Petro, qui est populaire auprès de nombreux jeunes, a nommé la féministe écologiste Francia Marquez, 40 ans, comme colistière.
Il pourrait devenir la dernière victoire politique de gauche en Amérique latine, alimentée par le désir de changement des électeurs. Le Chili, le Pérou et le Honduras ont élu des présidents de gauche en 2021, et au Brésil, l’ancien président Luiz Inácio Lula da Silva est en tête des sondages pour l’élection présidentielle de cette année.
“Dialogue et accords nécessaires”
Il y a quelques mois à peine, Hernandez, 77 ans, était un quasi inconnu en dehors de Bucaramanga.

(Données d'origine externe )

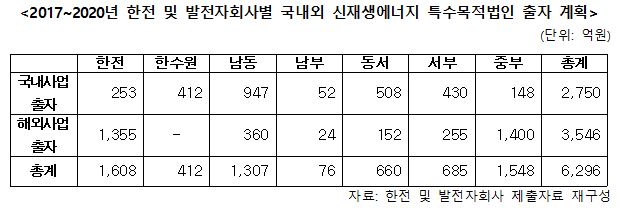 ▲2017~2020년 한전 및 발전자회사별 국내외 신재생에너지 특수목적법인 출자 계획 (자료제공=구자근 의원실)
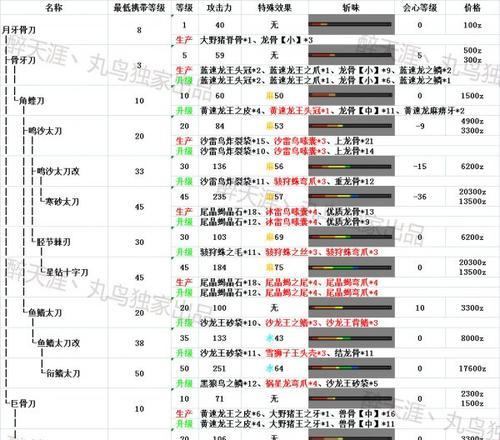 怪物猎人崛起龙属性太刀攻略（掌握龙属性太刀技巧）  第3张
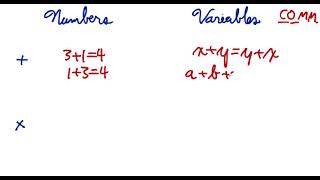 Commutative Properties Of Addition Multiplication With Examples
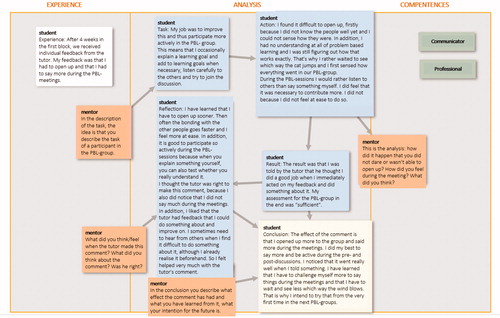 Figure 1. Example of a reflective concept map created conform STARR-structure. ID: portfolio 28, concept map 2. Student and mentor names removed and text translated verbatim from Dutch to English. Included with student’s permission.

Sa campagne austère, menée principalement sur TikTok et d’autres plateformes de médias sociaux, a été autofinancée.
Mais ses politiques non conventionnelles et une série de gaffes, notamment lorsqu’il a apparemment confondu Adolf Hitler avec Albert Einstein dans une interview à la radio, ont attiré l’attention.
Bien qu’il ait également nommé une femme, l’universitaire Marelen Castillo, 53 ans, comme colistière, il a récemment déclaré que la place d’une femme était à la maison.
Mais c’est son manque d’expérience politique ou de programme qui en inquiète plus d’un.
«En tant qu’homme d’affaires, il a l’habitude de résoudre les conflits de manière directe et rapide, mais l’exercice de la gouvernance nécessite le dialogue, des accords, [and] de longues réunions pour trouver un terrain d’entente », a déclaré Patricia Ines Munoz, experte à l’Université pontificale Javerian.
C’est quelque chose qu’il devra faire s’il est élu, étant donné qu’il n’a presque aucune représentation au Congrès.
Ce qui a attiré les électeurs vers Hernandez, c’est sa position anti-corruption – bien qu’il fasse lui-même l’objet d’une enquête pour corruption de la part de sa mairie.
“Entre le vol, le luxe et le gaspillage, un milliard par semaine disparaît, nous y mettrons fin dès le premier jour”, a-t-il déclaré.
Silvia Otero Bahamón, professeur de sciences politiques à l’Université de Rosario, a déclaré que bien que les deux candidats soient des populistes qui “ont une idéologie basée sur la division entre l’élite corrompue et le peuple”, chacun voit son combat contre l’establishment différemment.
« Petro se rapporte aux pauvres, aux minorités ethniques et culturelles des régions les plus périphériques de la nation », a déclaré Otero, tandis que les partisans de Hernández sont « plus éthérés ; ce sont les gens qui ont été déçus par la politicaillerie et la corruption. C’est une communauté plus lâche, à laquelle le candidat accède directement via les réseaux sociaux.